The Eskimos in the stands gaze somewhat disgustedly at the double-crossing sunlight. They buy an occasional hot dog or two. Even the dogs tasted weary and chilled. Starter George Harais once more went through his routine as the second fifteen-miler rolled to the line. The words never change… “Come down together, men, and let’s try and get away in the first lap.” Kretz, Lauer, Jamison, Gatto, Marzotto and Al Owen start in this race. Interest revived in the stands. The pack made the starting lap off the corner. The cautioning hand of the starter demanded a better line-up. Throttles backed off. No start! Once again the milling group went into the lower turn. Helmeted head turned to helmeted head as bitter words were passed. Racing men are always ready to debate a false start. Once again they came into the back stretch and once again into the turn. This time the motors catch. They seem to catch with that even bellow that rises slowly to a screech and indicated to the race-wise who shivered with us in the stands that it was a start. Down drove the wolf-pack and down whipped the flag. Kretz threw his Sport Scout into the lead and the chase was on. Behind him plugged stocky Gatto, his Harley-Davidson running easily, smoothly. Back in the vanguard hung Jamison, Lauer and Al Owen. Interest centered in the first two however. It was in the thirteenth that Gatto made his bid. It was a good bid. It came from a waving hand of the stocky San Josean, in the pit, ordering him to go. And go, Gatto did. He was even with Kretz in the lower turn. He held him steady down the back stretch and rode him down in the corner coming up for the White flag. Gatto was fast and he rode hard. Second is a qualifying place and Kretz looked rearward. There was no threat from the group in the back and he quickly conserved his motor. Another turn and the checkered flag dropped for Gatto and then for Kretz. Jamison and Lauer saw it for third and fourth.

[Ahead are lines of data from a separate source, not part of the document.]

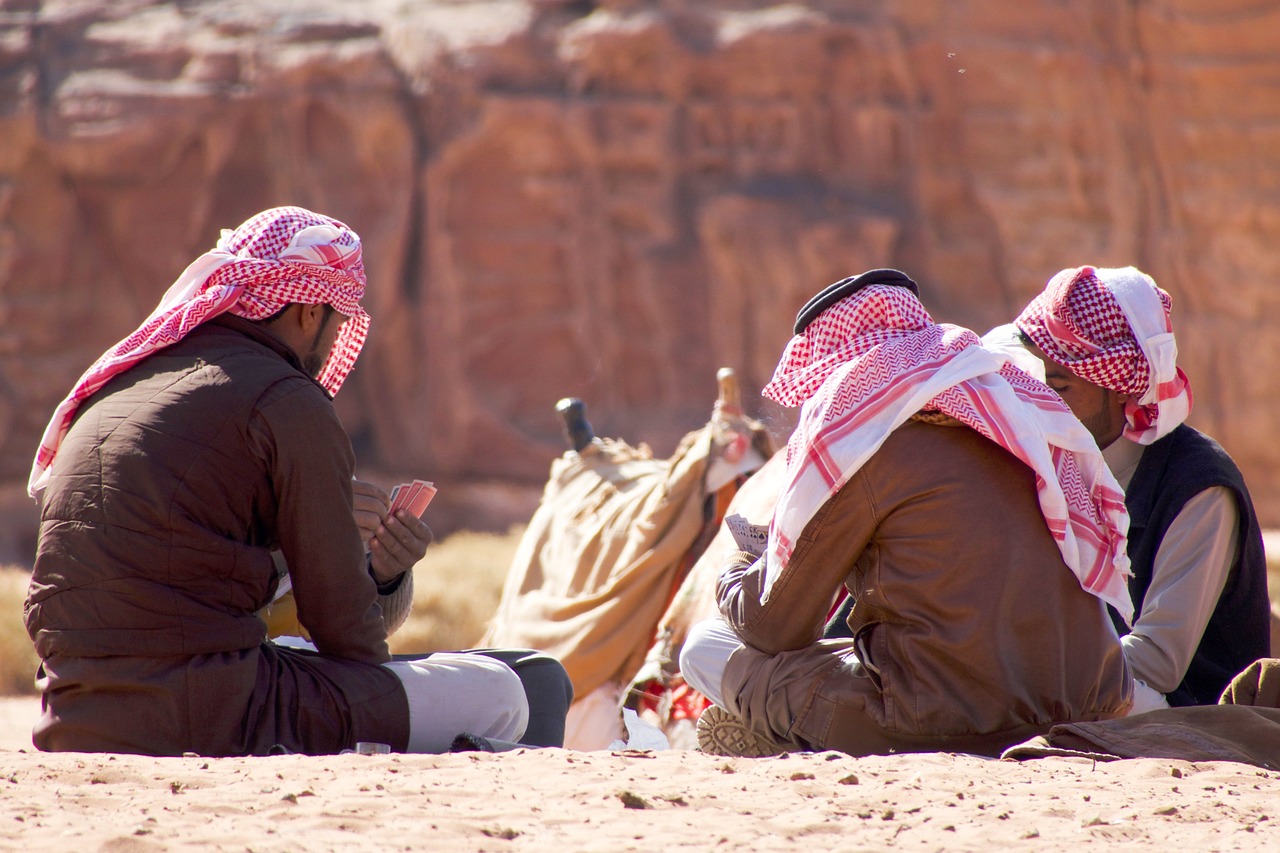 Bedouin men with camel playing cards 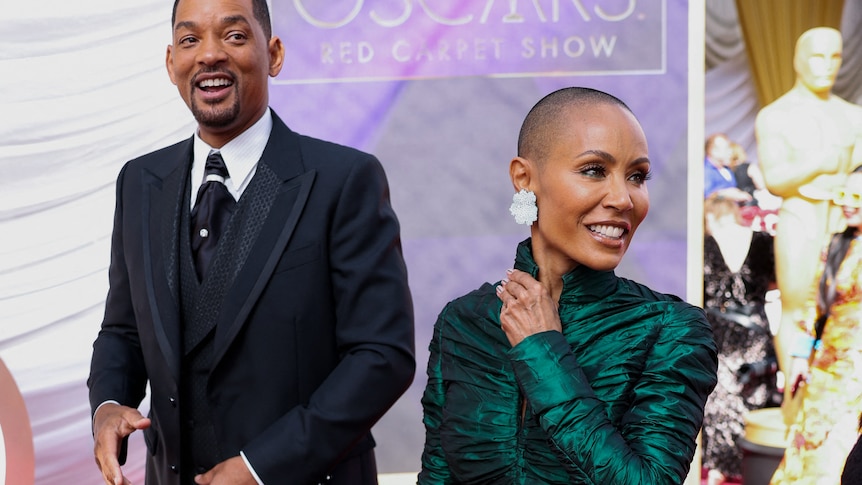 Will Smith and Jada Pinkett Smith pose on the red carpet during the Oscars.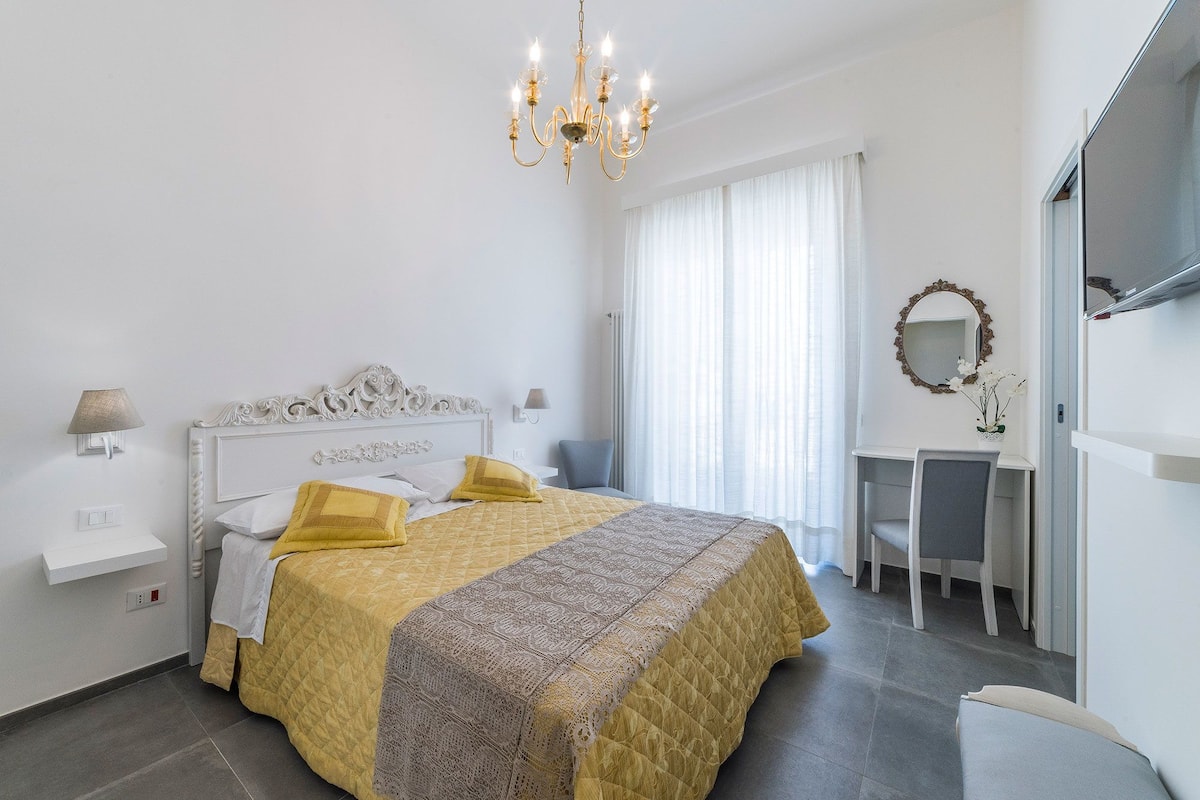 Un dormitorio ordenado con cama, lámparas de noche, un escritorio y un espejo.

The rival camps checked hastily and found that the match stood at a bye. It was first and third for Indian in the first heat, second and fourth for their rivals. First and third for Harley-Davidson and second and fourth for the Wigwam in the second.

Up above, in the high places of the chilly grandstand, Timer Joe Petrali clucked a tongue over the readings of the watches. Chasteen’s average in the first one was a new record for the distance. Gatto’s average in the second was nothing sultry.

Ray Eddy (Harley-Davidson) stolid winner of the Targo at Ascot; Eddy who rides in an unemotional fashion was in the third preliminary. Bucking him was the Northland ace, Sam Arena; the Southern star, Bo Lisman, and then Mr. X. Mr. X was Dick Ince and his chrome tanked Isle of Man model road racing J.A.P.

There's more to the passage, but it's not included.